Data excerpt ▸
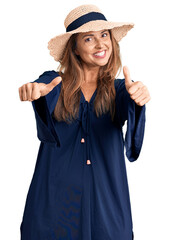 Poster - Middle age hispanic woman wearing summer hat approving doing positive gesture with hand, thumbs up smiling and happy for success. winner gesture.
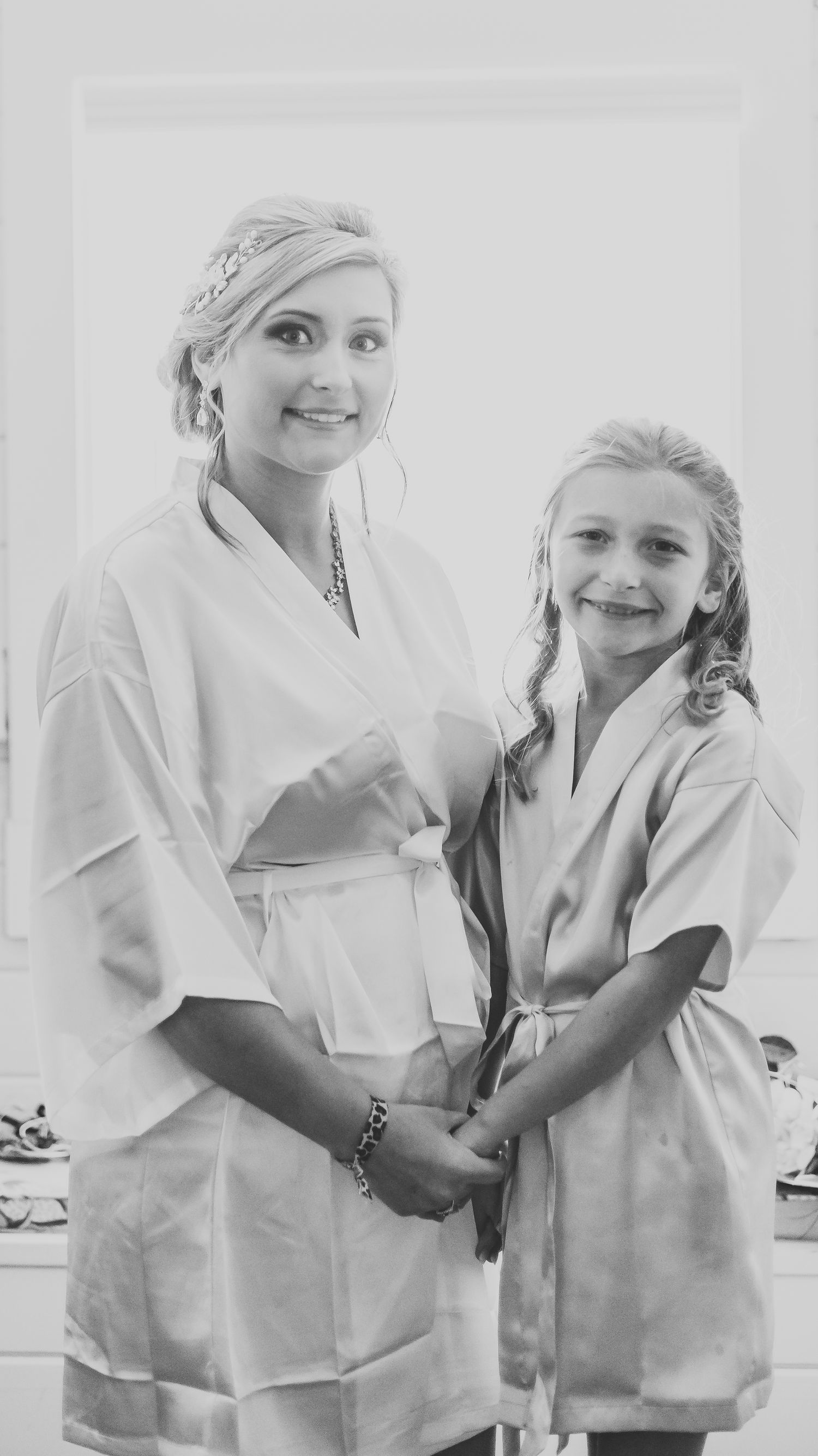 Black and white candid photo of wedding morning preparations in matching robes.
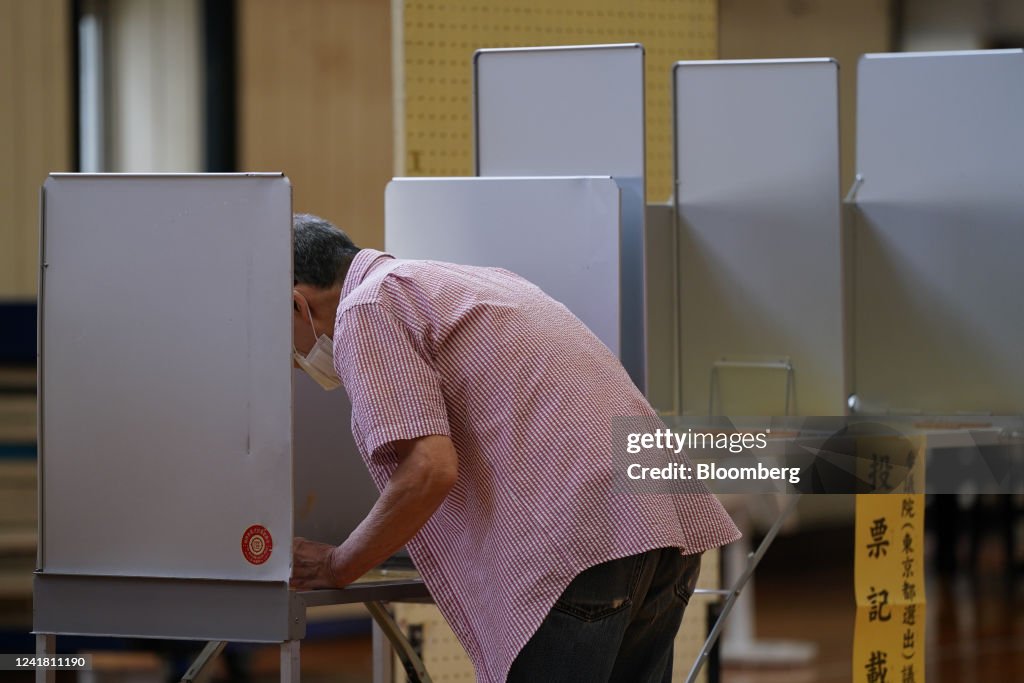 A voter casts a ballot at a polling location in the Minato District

What needs to be done ▸ Leaving the pictures out, give back each line above exactly.

Result of this task ▸
 Poster - Middle age hispanic woman wearing summer hat approving doing positive gesture with hand, thumbs up smiling and happy for success. winner gesture.
 Black and white candid photo of wedding morning preparations in matching robes.
 A voter casts a ballot at a polling location in the Minato District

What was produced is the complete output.